Fashion giant Next sees potential to open a raft of stores designed to transform the image of out-of-town shopping.
The retailer will turn its back on the traditional retail park ‘shed’ in selected locations and instead open statement stores that reflect its reputation for style while still meeting financial returns criteria.
“If we went back 20 years, we’d have built nicer sheds”
Simon Wolfson, Next chief executive
As it increasingly focuses on large-format stores, which this year will account for 70% of new space, Next sees opportunity to create what it calls “design-and-build” stores as it opens in new locations.
Next chief executive Simon Wolfson said: “Some of the new sites we have secured require the construction of a new building. We intend to use this as an opportunity to invest in the architecture and external appearance of our stores.
“Our aim is to redefine what can be achieved out of town, moving away from the traditional ‘shed’ to architectural buildings that reflect the design aspirations of our product ranges.
“To achieve this we are using high-quality materials both inside and outside of the buildings.”

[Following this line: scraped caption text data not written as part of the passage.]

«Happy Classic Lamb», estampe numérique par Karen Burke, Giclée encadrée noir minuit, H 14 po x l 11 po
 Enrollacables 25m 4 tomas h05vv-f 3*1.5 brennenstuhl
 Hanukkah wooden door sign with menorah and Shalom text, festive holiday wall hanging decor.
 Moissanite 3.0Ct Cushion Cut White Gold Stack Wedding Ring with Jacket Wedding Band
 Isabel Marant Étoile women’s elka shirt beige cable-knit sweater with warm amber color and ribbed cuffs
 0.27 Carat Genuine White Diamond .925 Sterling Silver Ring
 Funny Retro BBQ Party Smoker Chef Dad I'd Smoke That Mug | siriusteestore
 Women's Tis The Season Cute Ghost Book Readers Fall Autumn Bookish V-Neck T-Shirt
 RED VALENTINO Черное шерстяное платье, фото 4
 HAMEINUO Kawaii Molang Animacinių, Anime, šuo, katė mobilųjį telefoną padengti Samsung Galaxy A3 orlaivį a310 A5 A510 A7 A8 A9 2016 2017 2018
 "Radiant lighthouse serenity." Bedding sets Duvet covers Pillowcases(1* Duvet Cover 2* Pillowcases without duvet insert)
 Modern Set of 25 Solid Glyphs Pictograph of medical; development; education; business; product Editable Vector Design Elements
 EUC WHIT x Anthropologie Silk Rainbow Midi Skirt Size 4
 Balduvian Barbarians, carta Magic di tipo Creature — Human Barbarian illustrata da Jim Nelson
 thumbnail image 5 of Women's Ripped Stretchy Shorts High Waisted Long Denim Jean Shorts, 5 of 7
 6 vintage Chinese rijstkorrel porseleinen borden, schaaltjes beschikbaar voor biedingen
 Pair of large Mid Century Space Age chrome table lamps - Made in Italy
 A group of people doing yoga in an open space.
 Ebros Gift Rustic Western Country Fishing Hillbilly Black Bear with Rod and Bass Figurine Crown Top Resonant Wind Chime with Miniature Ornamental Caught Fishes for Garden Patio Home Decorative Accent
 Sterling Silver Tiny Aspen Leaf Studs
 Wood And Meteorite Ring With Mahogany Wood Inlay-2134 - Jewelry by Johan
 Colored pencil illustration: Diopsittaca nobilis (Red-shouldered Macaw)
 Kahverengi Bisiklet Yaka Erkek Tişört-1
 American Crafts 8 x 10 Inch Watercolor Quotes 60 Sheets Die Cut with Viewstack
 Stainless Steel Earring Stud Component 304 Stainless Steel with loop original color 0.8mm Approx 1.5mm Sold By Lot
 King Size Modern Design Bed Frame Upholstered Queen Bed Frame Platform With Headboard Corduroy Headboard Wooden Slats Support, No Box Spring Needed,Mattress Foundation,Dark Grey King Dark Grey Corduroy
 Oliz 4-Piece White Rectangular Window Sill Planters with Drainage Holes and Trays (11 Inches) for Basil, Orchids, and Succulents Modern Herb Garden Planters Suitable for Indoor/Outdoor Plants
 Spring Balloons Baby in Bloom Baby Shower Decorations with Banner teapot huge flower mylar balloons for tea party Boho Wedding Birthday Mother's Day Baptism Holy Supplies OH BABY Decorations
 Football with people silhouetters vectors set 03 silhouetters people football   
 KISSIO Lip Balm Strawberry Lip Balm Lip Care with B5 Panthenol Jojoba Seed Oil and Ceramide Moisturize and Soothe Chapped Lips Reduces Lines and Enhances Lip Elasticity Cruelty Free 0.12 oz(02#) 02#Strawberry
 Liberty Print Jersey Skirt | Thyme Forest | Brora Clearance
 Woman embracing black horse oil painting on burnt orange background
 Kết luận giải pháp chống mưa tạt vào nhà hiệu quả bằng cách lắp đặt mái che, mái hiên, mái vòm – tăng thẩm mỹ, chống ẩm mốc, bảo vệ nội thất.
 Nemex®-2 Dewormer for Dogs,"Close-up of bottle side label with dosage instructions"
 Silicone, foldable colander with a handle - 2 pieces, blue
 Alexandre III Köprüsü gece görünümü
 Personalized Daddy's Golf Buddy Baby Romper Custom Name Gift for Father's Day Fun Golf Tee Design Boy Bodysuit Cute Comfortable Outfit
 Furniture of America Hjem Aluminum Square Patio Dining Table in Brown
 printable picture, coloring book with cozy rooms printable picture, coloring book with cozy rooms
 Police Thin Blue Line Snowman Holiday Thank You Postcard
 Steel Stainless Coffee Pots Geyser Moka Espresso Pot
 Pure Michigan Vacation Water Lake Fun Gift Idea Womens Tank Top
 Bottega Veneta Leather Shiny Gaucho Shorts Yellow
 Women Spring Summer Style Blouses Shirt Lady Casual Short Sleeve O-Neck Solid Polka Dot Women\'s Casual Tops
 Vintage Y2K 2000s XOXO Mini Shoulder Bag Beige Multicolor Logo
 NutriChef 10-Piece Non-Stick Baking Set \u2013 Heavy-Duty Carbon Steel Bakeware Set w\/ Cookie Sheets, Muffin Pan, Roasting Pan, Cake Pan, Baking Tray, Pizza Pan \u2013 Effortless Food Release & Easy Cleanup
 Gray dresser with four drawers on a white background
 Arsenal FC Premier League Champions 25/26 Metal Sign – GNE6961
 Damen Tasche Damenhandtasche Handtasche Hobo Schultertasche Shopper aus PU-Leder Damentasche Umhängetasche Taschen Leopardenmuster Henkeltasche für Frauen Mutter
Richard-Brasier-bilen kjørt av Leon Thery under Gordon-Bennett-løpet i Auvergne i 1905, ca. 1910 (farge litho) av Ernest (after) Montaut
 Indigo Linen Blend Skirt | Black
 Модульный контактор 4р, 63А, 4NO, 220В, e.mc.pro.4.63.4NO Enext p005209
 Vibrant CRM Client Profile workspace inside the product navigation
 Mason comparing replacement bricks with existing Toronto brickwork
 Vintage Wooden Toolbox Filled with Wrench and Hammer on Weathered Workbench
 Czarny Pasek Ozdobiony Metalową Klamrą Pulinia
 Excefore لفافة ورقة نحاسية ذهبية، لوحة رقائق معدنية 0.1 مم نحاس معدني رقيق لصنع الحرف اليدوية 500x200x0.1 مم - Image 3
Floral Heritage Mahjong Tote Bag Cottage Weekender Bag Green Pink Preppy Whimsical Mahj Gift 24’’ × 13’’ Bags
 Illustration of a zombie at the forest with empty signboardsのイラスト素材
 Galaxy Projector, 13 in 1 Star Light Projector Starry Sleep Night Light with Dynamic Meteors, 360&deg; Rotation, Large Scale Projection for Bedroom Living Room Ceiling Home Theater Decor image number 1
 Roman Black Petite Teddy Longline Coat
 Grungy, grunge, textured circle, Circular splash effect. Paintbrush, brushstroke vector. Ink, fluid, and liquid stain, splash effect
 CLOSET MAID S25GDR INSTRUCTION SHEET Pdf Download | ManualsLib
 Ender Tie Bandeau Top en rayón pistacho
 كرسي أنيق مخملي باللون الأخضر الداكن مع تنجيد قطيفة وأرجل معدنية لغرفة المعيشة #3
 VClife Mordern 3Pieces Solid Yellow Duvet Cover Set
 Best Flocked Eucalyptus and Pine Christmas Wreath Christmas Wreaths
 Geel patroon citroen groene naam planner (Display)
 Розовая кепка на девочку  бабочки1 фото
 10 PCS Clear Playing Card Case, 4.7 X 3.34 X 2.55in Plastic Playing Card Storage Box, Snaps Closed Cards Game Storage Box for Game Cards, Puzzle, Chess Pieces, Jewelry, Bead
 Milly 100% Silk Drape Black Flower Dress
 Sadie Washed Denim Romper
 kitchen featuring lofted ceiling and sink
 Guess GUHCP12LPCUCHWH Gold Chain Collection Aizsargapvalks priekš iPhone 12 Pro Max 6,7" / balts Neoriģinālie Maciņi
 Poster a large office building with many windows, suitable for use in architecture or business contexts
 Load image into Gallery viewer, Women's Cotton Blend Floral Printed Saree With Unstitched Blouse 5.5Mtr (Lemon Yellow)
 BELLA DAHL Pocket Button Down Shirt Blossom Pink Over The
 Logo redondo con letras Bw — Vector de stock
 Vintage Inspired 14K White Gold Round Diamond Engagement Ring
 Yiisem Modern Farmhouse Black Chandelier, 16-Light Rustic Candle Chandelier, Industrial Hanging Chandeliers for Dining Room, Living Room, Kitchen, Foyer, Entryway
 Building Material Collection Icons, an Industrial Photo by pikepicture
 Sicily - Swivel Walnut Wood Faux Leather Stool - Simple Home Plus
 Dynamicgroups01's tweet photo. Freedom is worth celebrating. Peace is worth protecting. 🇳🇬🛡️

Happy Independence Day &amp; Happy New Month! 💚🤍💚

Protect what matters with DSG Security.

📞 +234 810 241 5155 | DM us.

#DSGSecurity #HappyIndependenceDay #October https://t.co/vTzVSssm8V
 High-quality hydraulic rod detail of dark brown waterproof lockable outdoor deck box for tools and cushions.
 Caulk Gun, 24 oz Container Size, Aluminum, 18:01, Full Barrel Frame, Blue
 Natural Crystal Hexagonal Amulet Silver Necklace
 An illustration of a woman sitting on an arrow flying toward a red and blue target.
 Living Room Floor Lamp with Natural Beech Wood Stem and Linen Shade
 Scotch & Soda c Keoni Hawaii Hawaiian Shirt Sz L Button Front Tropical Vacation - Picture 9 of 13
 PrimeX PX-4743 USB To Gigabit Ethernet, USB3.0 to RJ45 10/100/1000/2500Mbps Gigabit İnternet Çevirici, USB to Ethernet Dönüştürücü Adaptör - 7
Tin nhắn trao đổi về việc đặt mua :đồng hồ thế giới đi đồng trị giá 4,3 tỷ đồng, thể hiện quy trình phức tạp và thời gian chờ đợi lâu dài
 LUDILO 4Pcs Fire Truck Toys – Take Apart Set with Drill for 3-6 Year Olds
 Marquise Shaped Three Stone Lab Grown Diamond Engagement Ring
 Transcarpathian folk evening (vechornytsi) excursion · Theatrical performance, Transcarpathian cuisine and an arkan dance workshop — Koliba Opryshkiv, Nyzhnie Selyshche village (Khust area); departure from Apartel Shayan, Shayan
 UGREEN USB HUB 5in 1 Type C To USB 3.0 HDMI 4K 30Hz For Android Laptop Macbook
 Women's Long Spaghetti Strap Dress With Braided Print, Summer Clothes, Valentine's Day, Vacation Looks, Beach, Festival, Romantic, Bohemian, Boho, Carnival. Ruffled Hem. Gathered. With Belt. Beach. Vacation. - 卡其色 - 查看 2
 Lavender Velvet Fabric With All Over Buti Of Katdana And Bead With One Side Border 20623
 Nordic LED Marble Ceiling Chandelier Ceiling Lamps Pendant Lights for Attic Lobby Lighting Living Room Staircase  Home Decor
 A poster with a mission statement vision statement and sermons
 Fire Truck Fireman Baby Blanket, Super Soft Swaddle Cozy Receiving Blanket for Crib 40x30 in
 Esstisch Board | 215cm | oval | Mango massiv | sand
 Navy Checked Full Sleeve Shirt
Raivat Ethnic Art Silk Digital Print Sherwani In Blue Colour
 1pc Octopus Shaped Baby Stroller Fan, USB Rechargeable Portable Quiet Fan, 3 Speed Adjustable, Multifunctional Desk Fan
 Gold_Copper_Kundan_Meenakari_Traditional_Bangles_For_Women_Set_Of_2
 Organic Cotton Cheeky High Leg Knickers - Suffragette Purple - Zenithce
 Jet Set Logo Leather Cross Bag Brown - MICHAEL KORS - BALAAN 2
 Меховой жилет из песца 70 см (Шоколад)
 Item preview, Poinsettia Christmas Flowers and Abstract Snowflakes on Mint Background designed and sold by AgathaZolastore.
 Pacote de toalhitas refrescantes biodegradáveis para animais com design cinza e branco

The first such store opened at Hedge End, Southampton, in August, and sales expectations have been lifted from £19.5m to £21m on performance so far.
Two more are planned within the next 12 months in Maidstone, Kent, and High Wycombe, Bucks. Another will follow in Norwich in 2016 and several more are under negotiation with landlords and planners.
Wolfson said: “There’s an enormous opportunity to change the look and feel of out-of-town retail. If we went back 20 years, we’d have built nicer sheds. It was a slight own-goal now we know how much can be taken out of town.”
Next has also been improving the look of existing stores, such as that in Romford, Essex, where “plasticky-looking” cladding has been replaced with glass frontage.
Development of the store estate is one of Next’s five priorities in the current year.